Work required: Retype the records below exactly as they appear, but leave out any pictures.

-*-*-

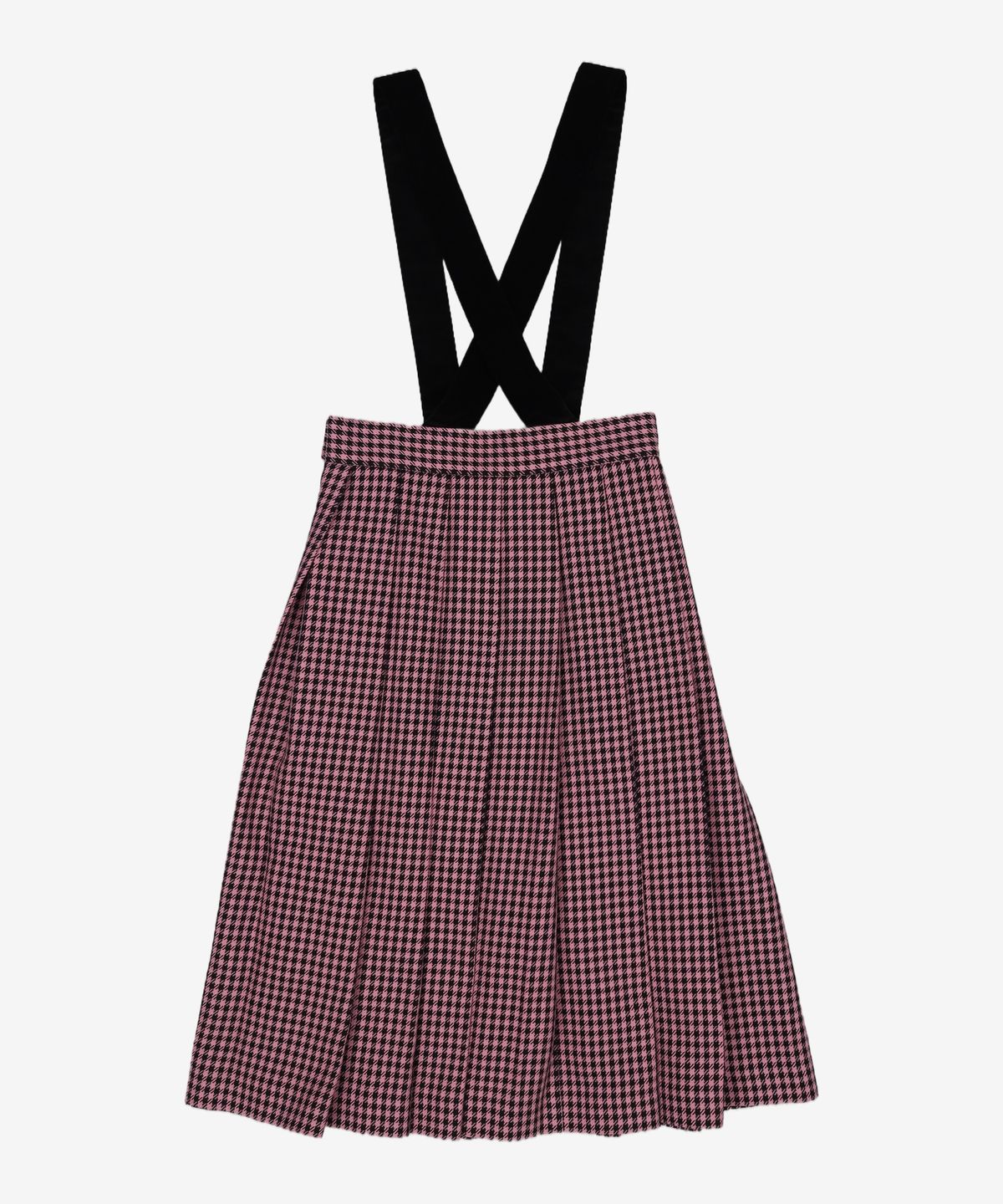 꼼데가르송 걸(COMME des GARCONS GIRL) 미니스커트 M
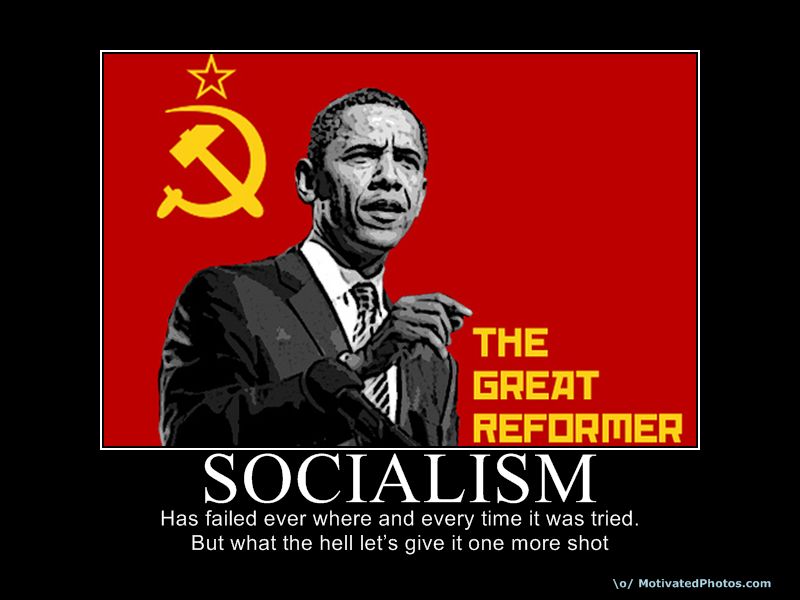 Socialism-One-More-Time...Soda-Head.jpg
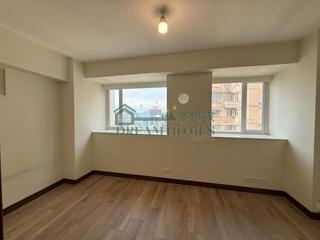 Mid Levels Central - Jadestone Court 06
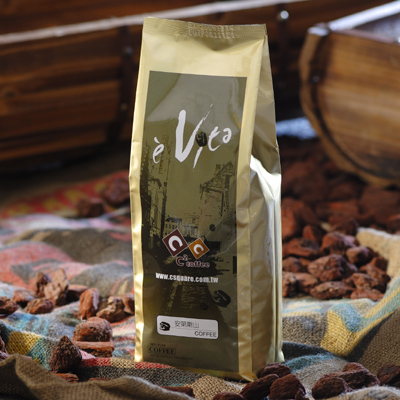 咖啡,咖啡機,咖啡豆,咖啡購物平台,網路咖啡購物中心,咖啡豆專賣店,主題熱銷專區,風味咖啡豆特賣區-拉丁風情咖啡(一磅裝)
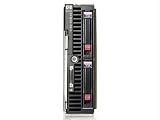 Hewlett Packard 532019 B21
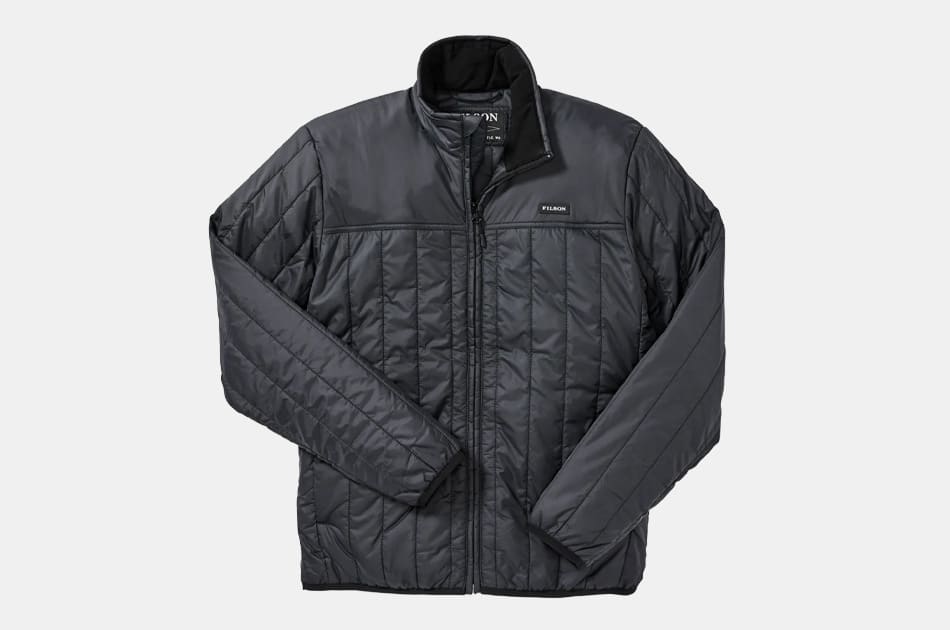 Filson Ultralight Jacket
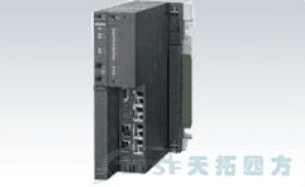 西門(mén)子PCS7410SMART如何選型說(shuō)明 現(xiàn)貨供應(yīng) 價(jià)格優(yōu)惠 技術(shù)支持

-*-*-

Answer space:
 꼼데가르송 걸(COMME des GARCONS GIRL) 미니스커트 M
 Socialism-One-More-Time...Soda-Head.jpg
 Mid Levels Central - Jadestone Court 06
 咖啡,咖啡機,咖啡豆,咖啡購物平台,網路咖啡購物中心,咖啡豆專賣店,主題熱銷專區,風味咖啡豆特賣區-拉丁風情咖啡(一磅裝)
 Hewlett Packard 532019 B21
 Filson Ultralight Jacket
 西門(mén)子PCS7410SMART如何選型說(shuō)明 現(xiàn)貨供應(yīng) 價(jià)格優(yōu)惠 技術(shù)支持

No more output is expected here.